**What to work on:**
Return the lines of the listing below exactly as they appear, beginning at the one with "Malaysia Durian Supplier" and stopping after the one with "Obraz premium 雪の降った翌朝の道路"; do not include pictures.

**Given data:**
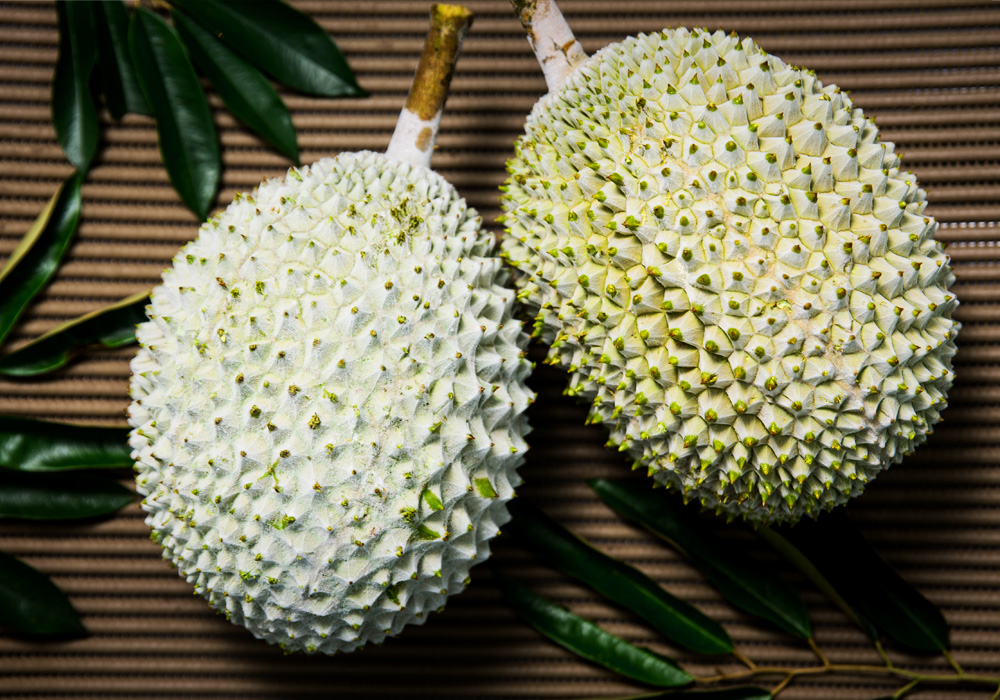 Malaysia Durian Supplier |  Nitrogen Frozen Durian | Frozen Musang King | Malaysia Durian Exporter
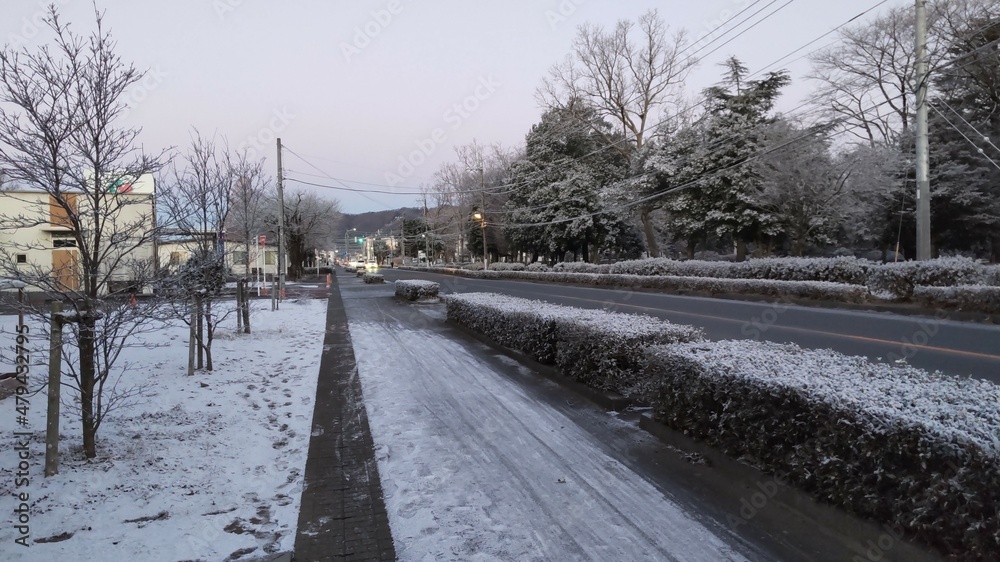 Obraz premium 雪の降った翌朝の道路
...
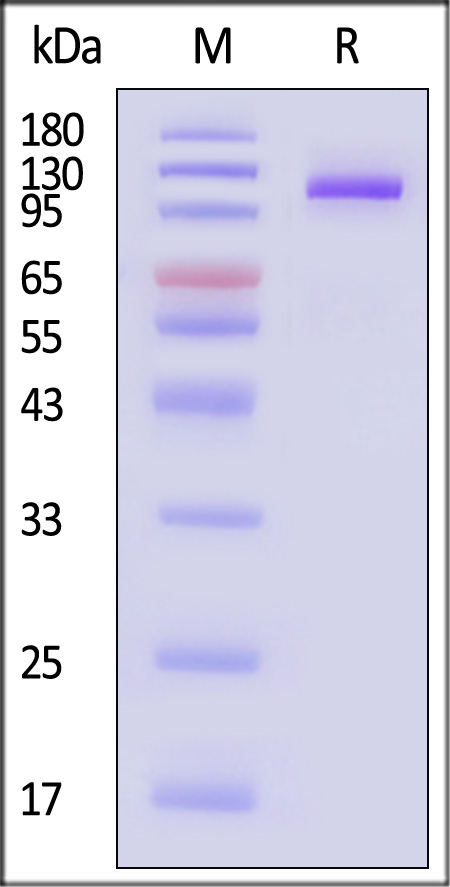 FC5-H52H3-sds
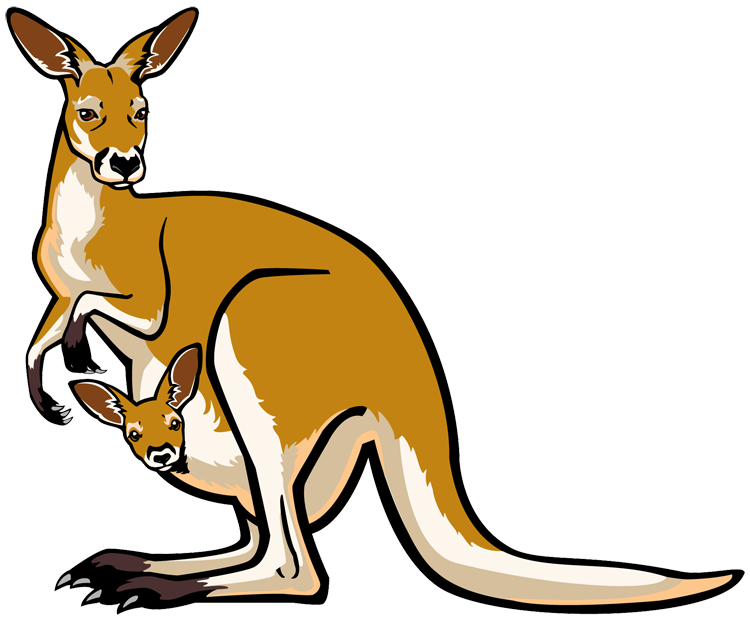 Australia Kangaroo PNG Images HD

**Final answer:**
 Malaysia Durian Supplier |  Nitrogen Frozen Durian | Frozen Musang King | Malaysia Durian Exporter
 Obraz premium 雪の降った翌朝の道路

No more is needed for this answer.